Introduction
I run a juggling club. The fact that it is dedicated to juggling isn’t important here. What is important is that the format is very casual. If you turn up, you pay a small fee to cover the cost of the hall rental and other incidentals. If you don’t turn up, you pay nothing. Each week you have an individual decision about whether to turn up.
As a result, the attendance varies. On a great night, we might have two dozen jugglers turn up. On a poor night, we might have seven. The fee is the same each time, so I am wearing a risk that on average we will get the approximately 15 paying jugglers required to break even. I am not aiming for a profit; in fact, I have and will carry over minor losses to keep the thing going – because *I* enjoy it.
I’ve noticed a phenomenon where the occasional jugglers think that it could be run cheaper, because they have rosy impressions of how many people turn up on average.
I have attributed part of this misunderstanding to a sampling error. The nights that are very busy are witnessed by a large number of jugglers. The nights that are quiet are witnessed by only a small number of jugglers. So the average perception of the jugglers is higher than the real figure.

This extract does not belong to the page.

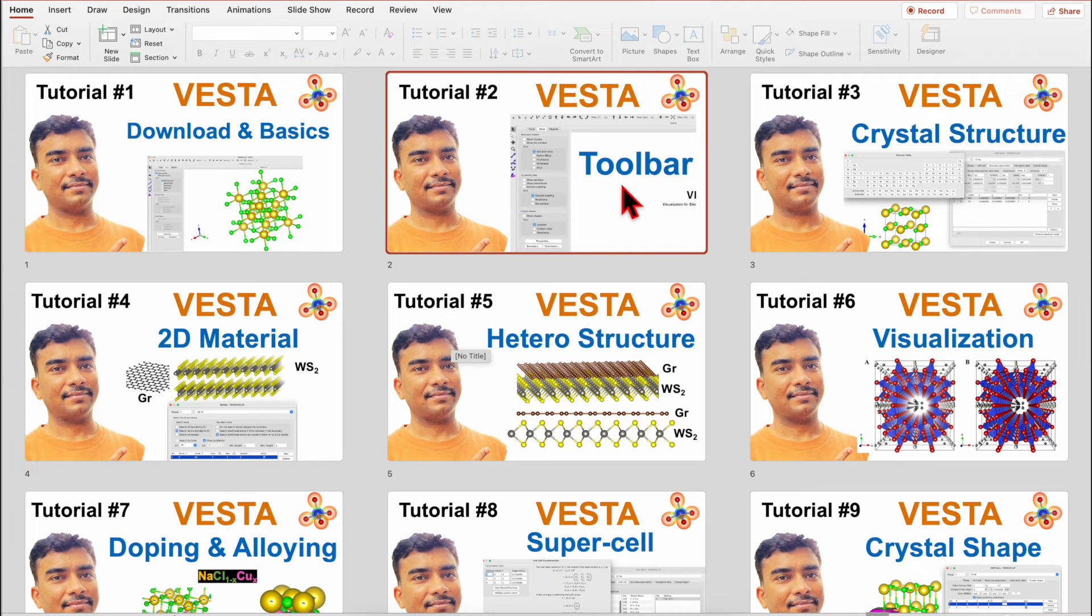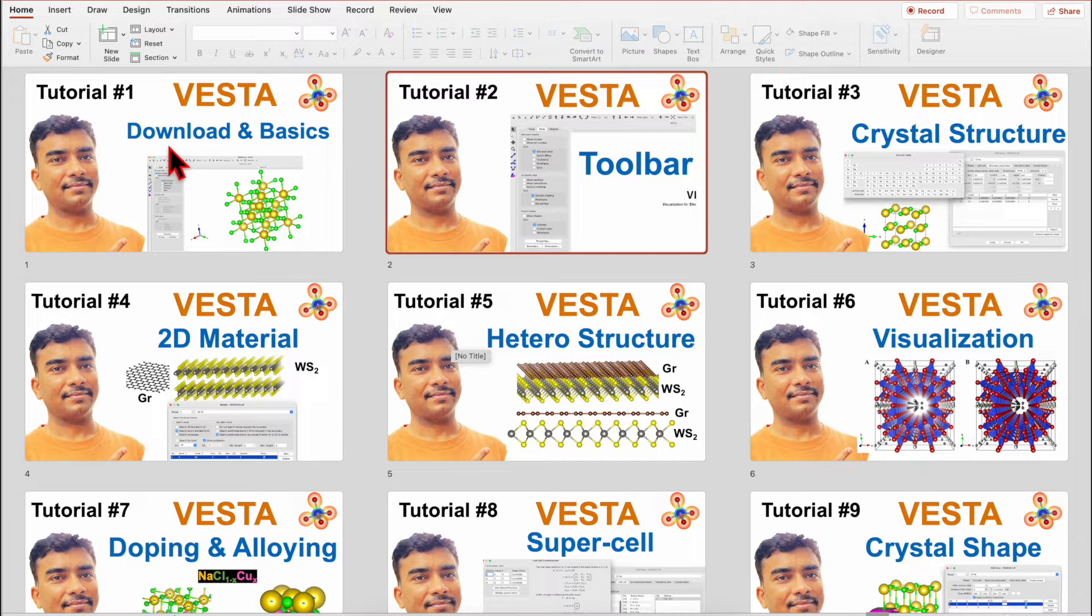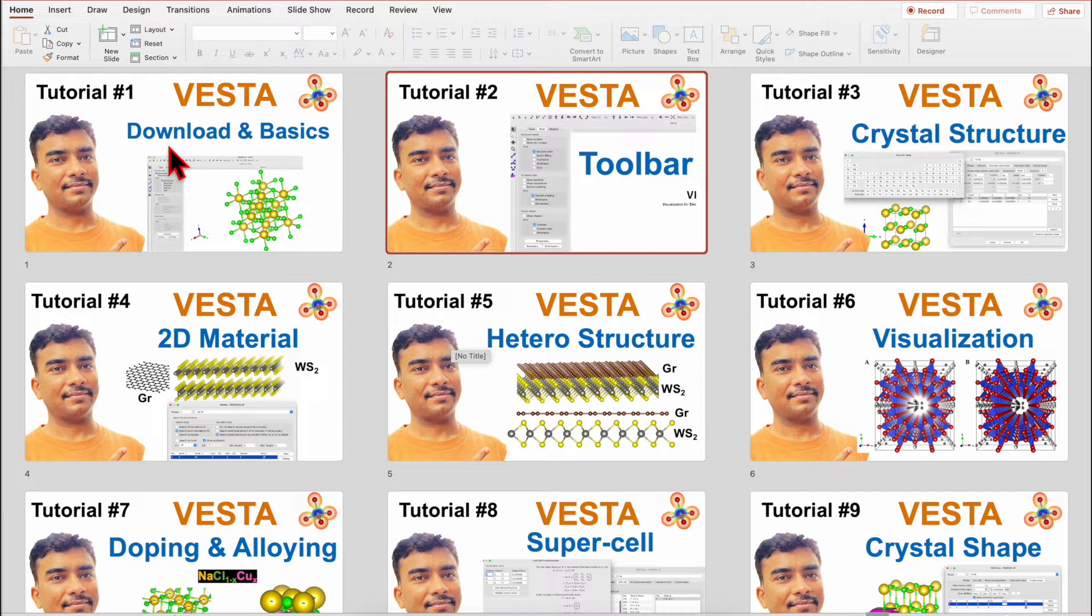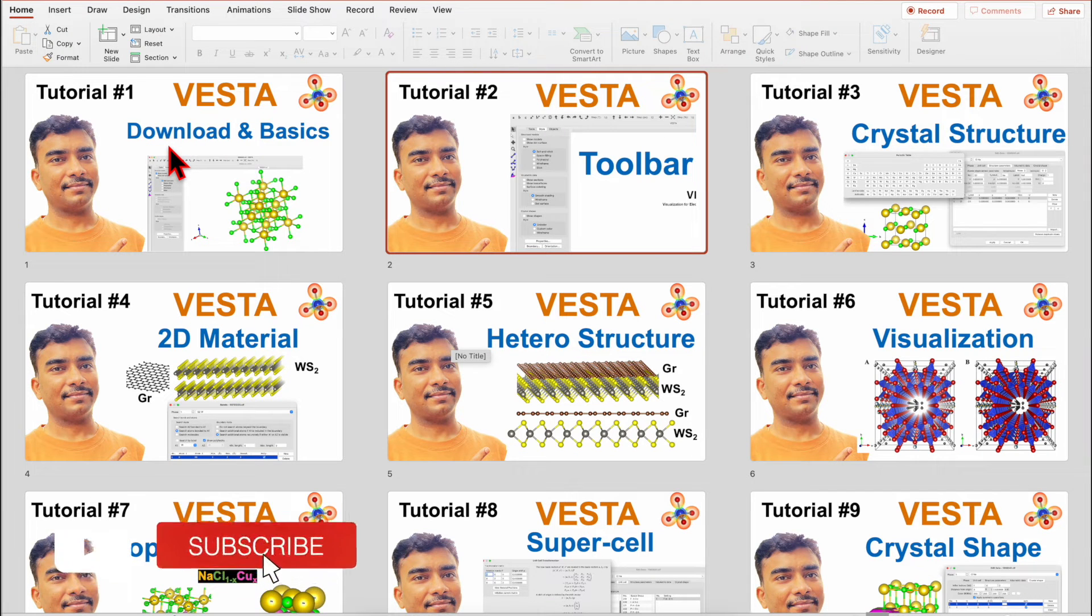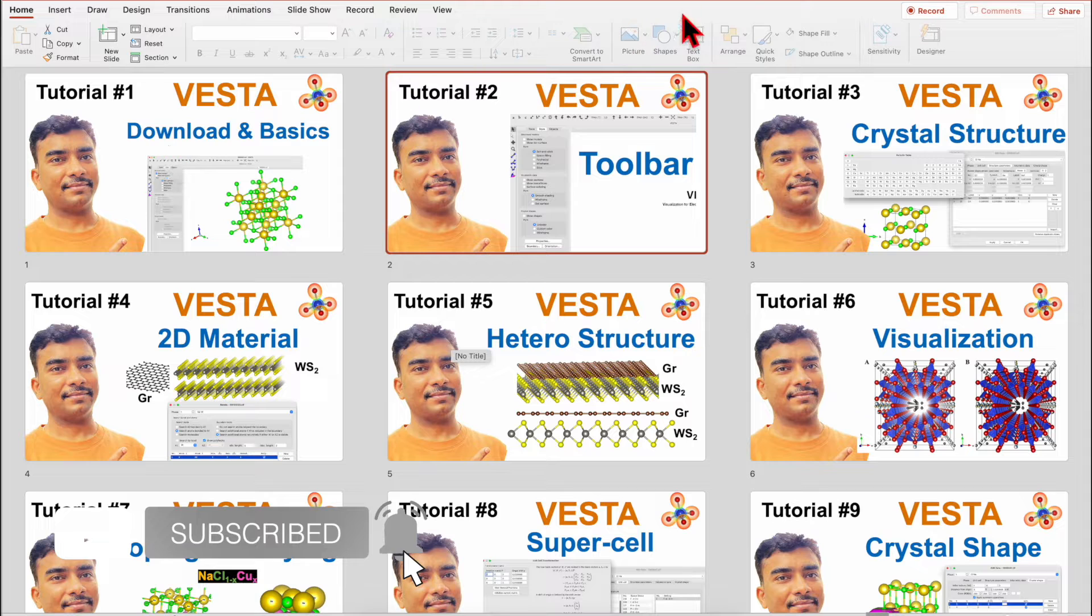I will introduce the toolbar in Vista software. In my tutorial 1, I have already shown you how to download Vista software and also I have introduced a website from which you can get CIF files for free.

I’ve never convinced myself how big that effect is, or even that it is true. (Each individual seems to take a genuine random sample, so how could there be a bias?) I decided to do a Monte Carlo simulation. This is the result.
Method
I made a few dangerously large assumptions.
First, I assumed each juggler made the decision to attend independently. In fact, that’s not the case, with couples and cliques tending to turn up as groups rather than individuals. This also ignores the effects of weather, major sporting matches, juggling events and the like which tend to group attendance behaviour. Both factors which would further accentuate the effect.
Second, I assumed that each juggler made the decision to attend each week independently of their previous record and the previous attendances. It was based purely on an internal probability checked each week. This discounts people going through phases of attending each week, or going away, etc. It also discounts people deciding whether to come the next week based on the number of people who turned up the previous week. (Massive over-attendance turns off some of the jugglers because the hall gets too busy for their comfort. Under-attendance turns off many more who come for social interaction.)
Finally, I had to assign the number of jugglers and their likelihood of attendance, based on a finger-in-the-air guess. This modelling decision affected the magnitude of the result greatly, and should be treated with suspicion!
I decided there was one person who attended 100% of the time (me). Two attended 90% of the time, four attended 70%, six 50%, eight 30%, ten 10% and fifty 1% of the time.
That was arbitrary, and gave an expected average attendance of 12.5 people. Slightly less than real life, but close enough to be going with.
Using this model, I did a Monte Carlo simulation of 10,000 weeks.
I averaged the results at each rank.
Results
- The actual average attendance over the 10,000 virtual weeks was 12.4971 (compared to an expected 12.5).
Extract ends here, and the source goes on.